Graph and Magic¶

Solution¶

When does removing a number \(x\) from the sets result in two equal sets? Only when there exist two sets, say \(A_i, A_j\), whose only difference is \(x\). This means all numbers except \(x\) are either present in both or absent from both.

Now, we model the problem as a graph by considering \(n\) vertices, each representing an \(A_i\). Draw an edge between two vertices \(u,v\) with weight \(w\) if the only difference between \(A_u, A_v\) is the element \(w\). Now, the problem is equivalent to proving that there exists a weight that does not appear among the edges!

According to our graph modeling, each time we traverse an edge with weight \(w\), the element \(w\) is either removed from or added to our current set.
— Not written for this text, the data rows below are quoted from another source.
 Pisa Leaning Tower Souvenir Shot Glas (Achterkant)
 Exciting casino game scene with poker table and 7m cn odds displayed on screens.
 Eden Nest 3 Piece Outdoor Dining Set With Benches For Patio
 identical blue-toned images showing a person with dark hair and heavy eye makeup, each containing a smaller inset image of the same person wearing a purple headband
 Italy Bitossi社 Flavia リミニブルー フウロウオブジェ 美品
Thus, in any closed walk, each weight must appear an even number of times (because the presence or absence of each element must change an even number of times to return to the initial set after traversing the walk).
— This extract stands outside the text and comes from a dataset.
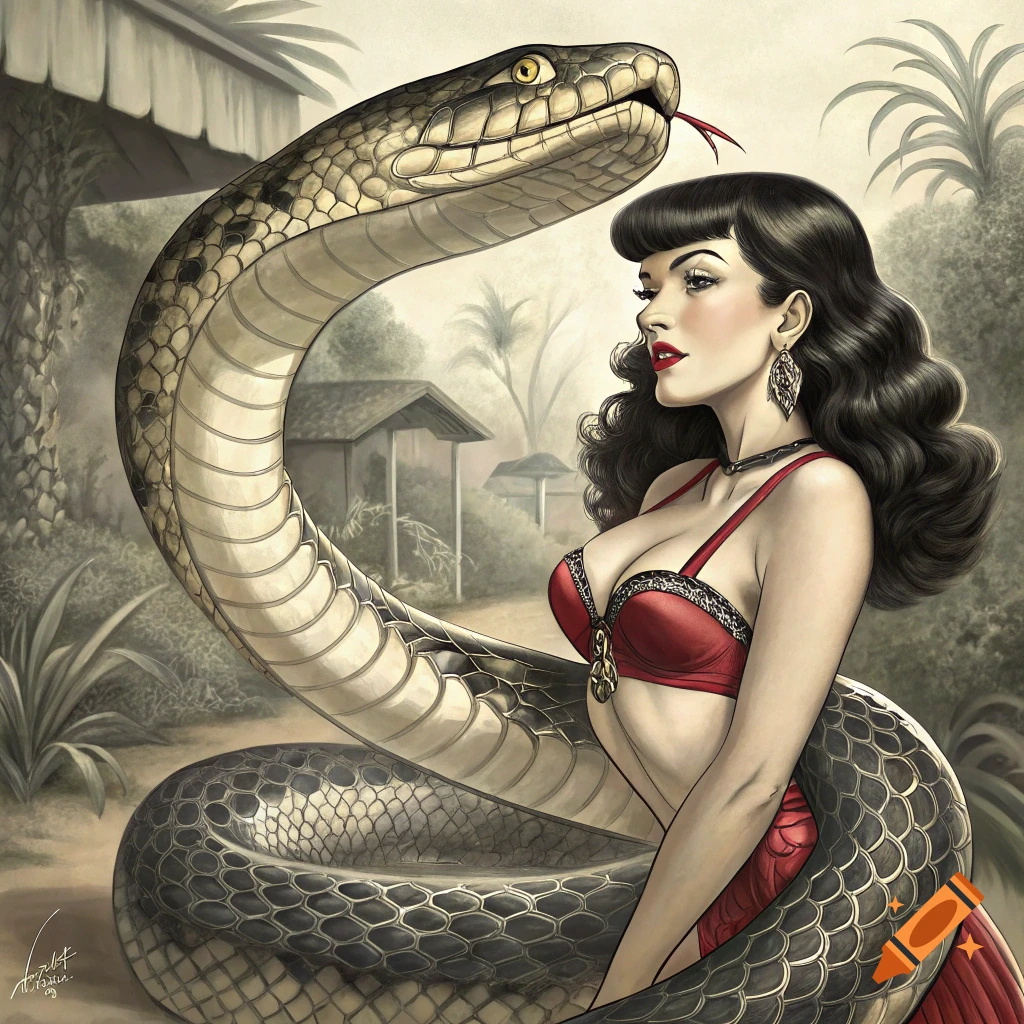 Pin-up woman in a red outfit with a large snake wrapped around her in a jungle setting.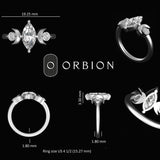 Marquise Cut Moissanite Celestial Style Ring, 10K Solid White Gold Vintage Ring For Her, Moissanite Engagement Ring, Promise Ring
Now, assume for contradiction that for every weight, there is at least one edge with that weight. So, for each weight, choose an arbitrary edge with that weight and form a graph \(G\) with \(n\) edges. First, it is clear that graph \(G\) has no cycles. Because if there were a cycle, each weight would have to appear an even number of times, which is impossible since we have exactly one edge for each weight. Therefore, \(G\) must be a forest. On the other hand, we said \(G\) has exactly \(n\) edges, and we know this is impossible (because the maximum number of edges in a forest corresponds to a tree, which has \(n-1\) edges). Thus, from the resulting contradiction, we can conclude that there is a weight that does not appear among the edges, which proves our claim.